START Records
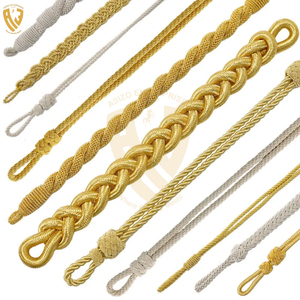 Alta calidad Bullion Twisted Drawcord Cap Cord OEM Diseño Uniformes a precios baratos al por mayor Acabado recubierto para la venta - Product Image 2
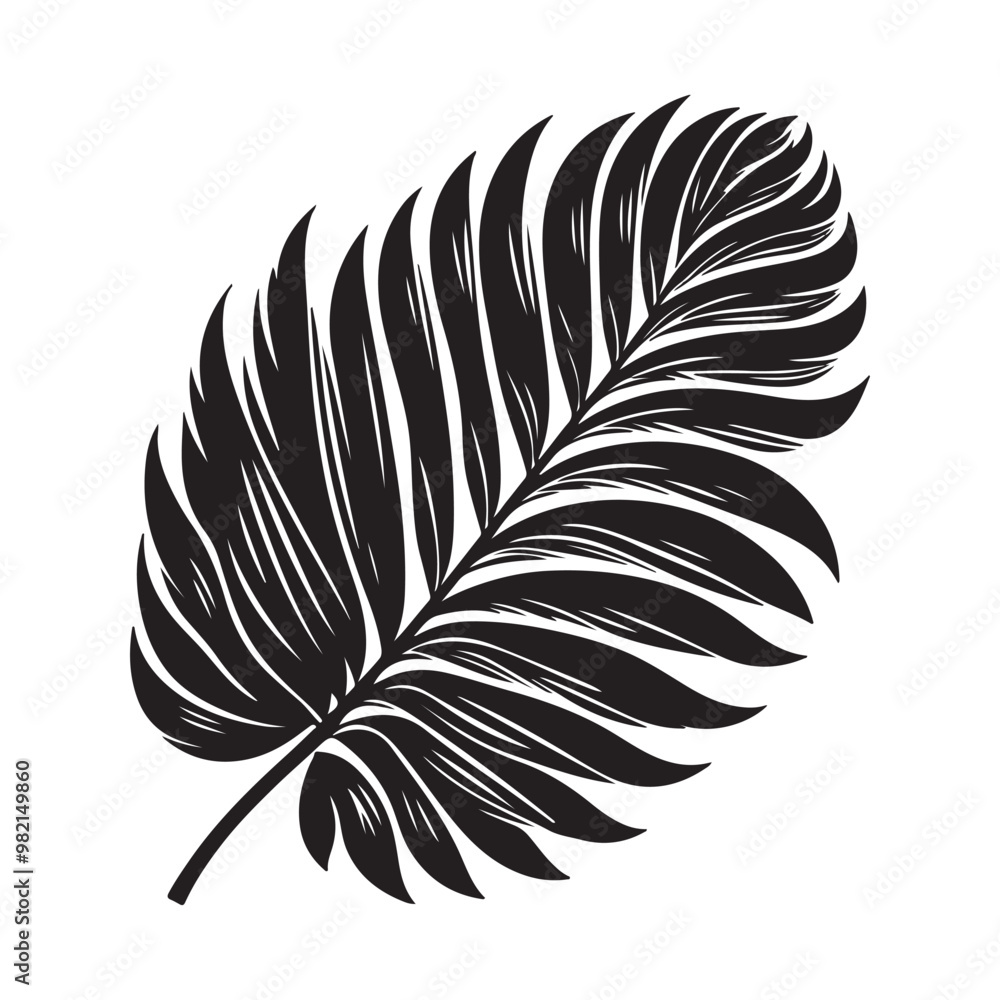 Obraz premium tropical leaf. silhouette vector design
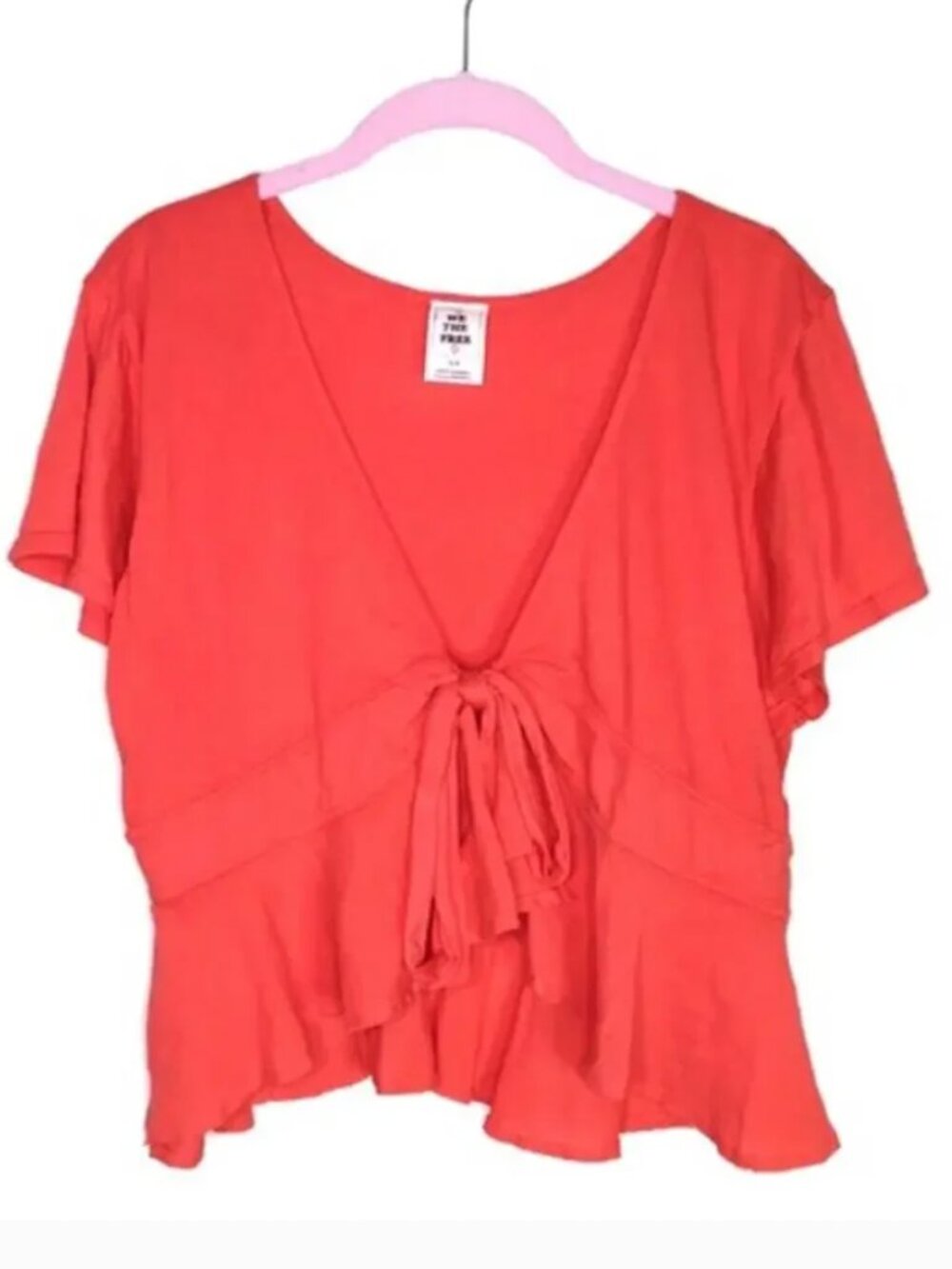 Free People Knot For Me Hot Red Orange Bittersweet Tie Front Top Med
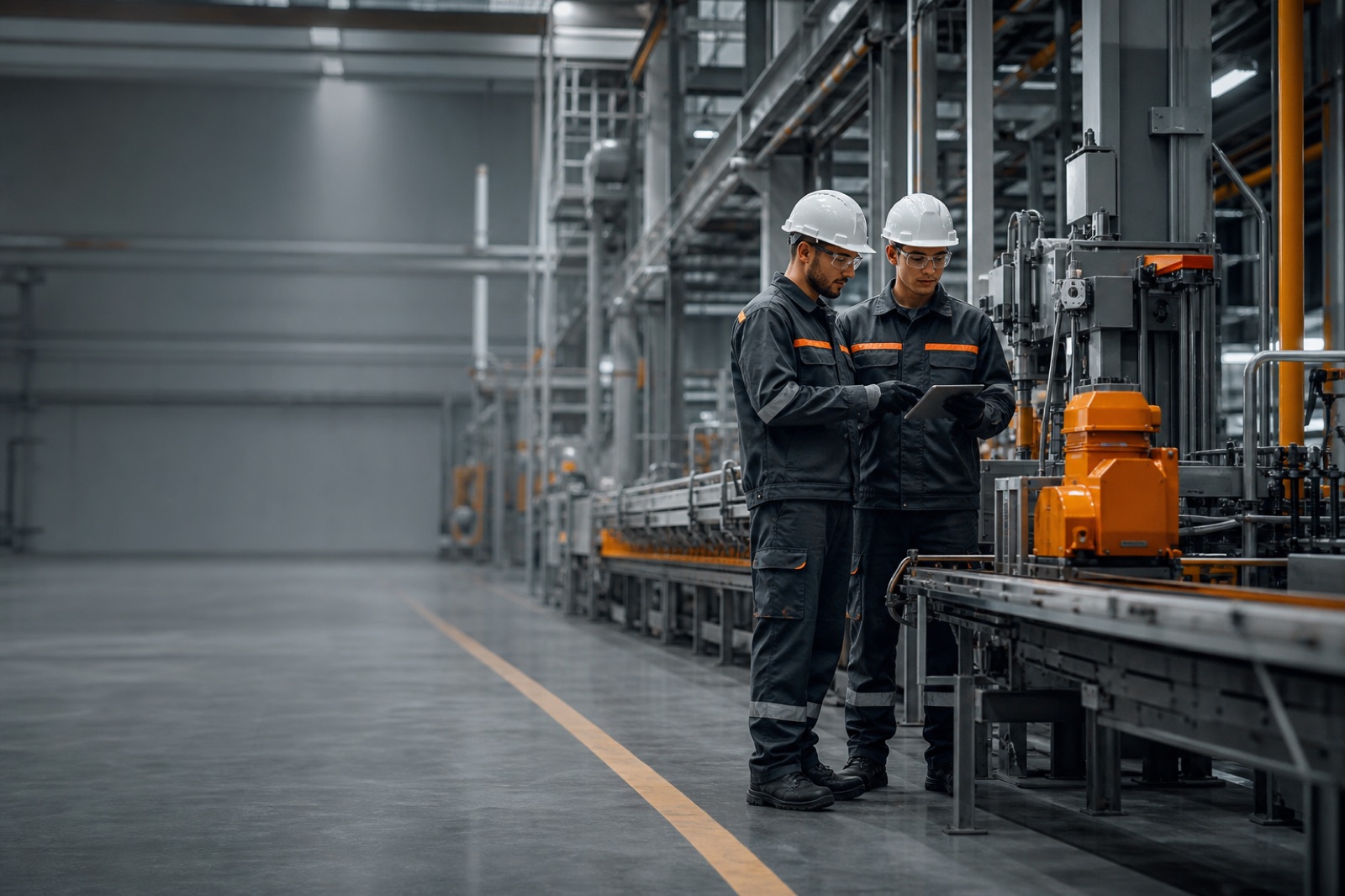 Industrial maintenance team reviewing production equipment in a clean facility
END Records
START Records
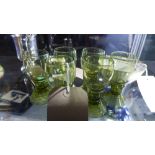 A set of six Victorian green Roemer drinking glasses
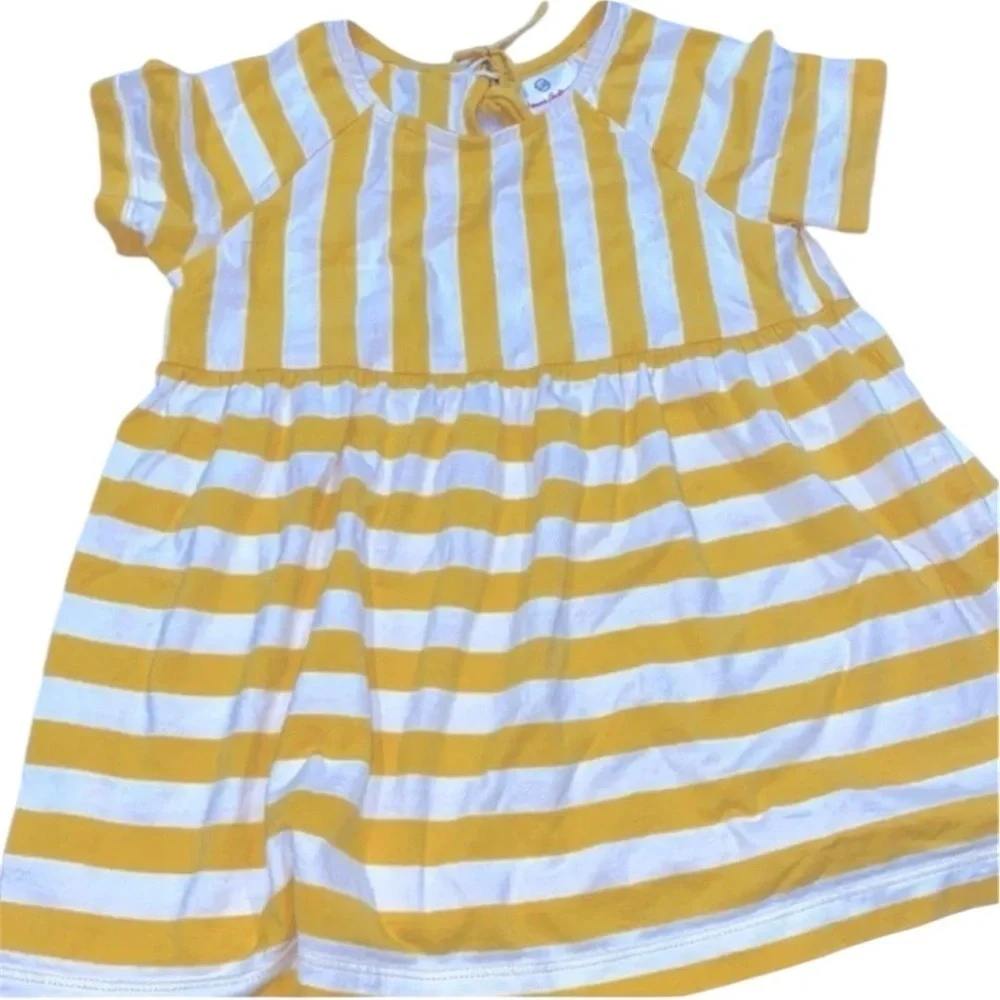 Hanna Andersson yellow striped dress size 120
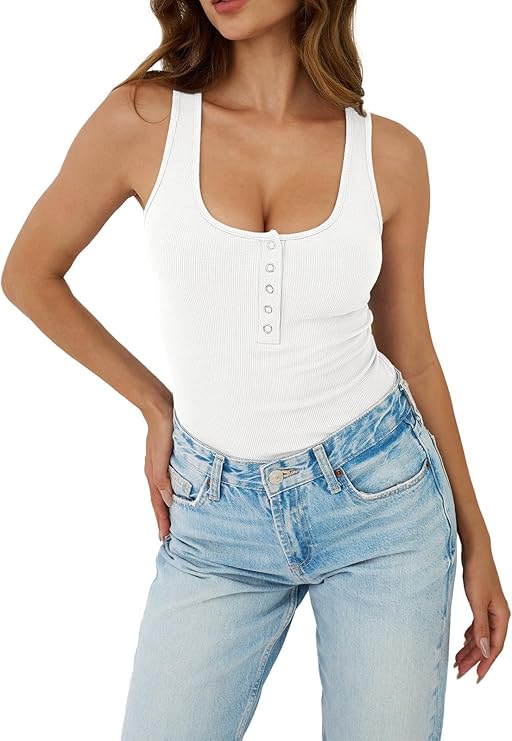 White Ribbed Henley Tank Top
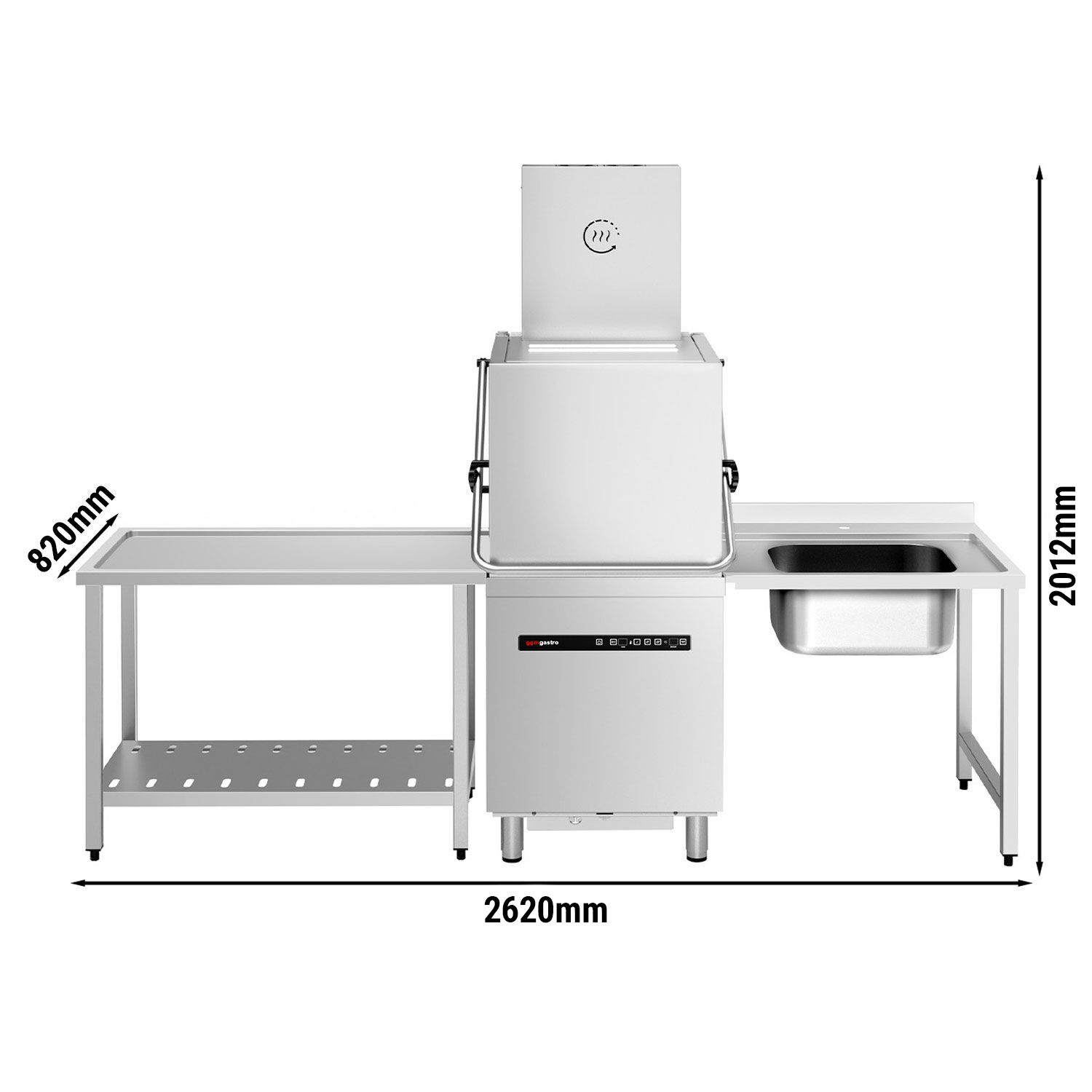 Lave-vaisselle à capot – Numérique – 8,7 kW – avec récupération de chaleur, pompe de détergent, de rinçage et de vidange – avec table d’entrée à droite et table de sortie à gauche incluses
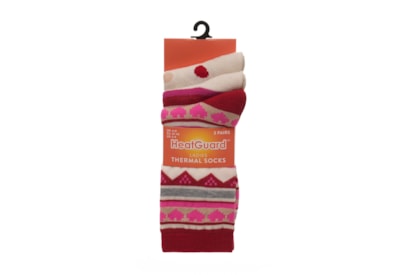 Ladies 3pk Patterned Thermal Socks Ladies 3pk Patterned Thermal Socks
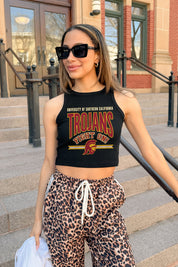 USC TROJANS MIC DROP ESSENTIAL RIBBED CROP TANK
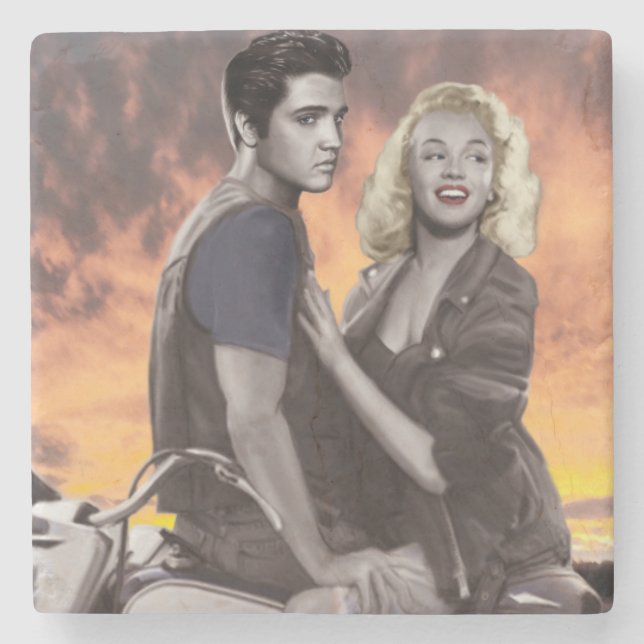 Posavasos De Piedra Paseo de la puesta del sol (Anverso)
END Records
- _Problem to solve_: Where a picture appears in the records above, omit it, and transcribe exactly the stretch of lines from the one with "Alta calidad Bullion" through the one with "Industrial maintenance team".

- _Task response_:
 Alta calidad Bullion Twisted Drawcord Cap Cord OEM Diseño Uniformes a precios baratos al por mayor Acabado recubierto para la venta - Product Image 2
 Obraz premium tropical leaf. silhouette vector design
 Free People Knot For Me Hot Red Orange Bittersweet Tie Front Top Med
 Industrial maintenance team reviewing production equipment in a clean facility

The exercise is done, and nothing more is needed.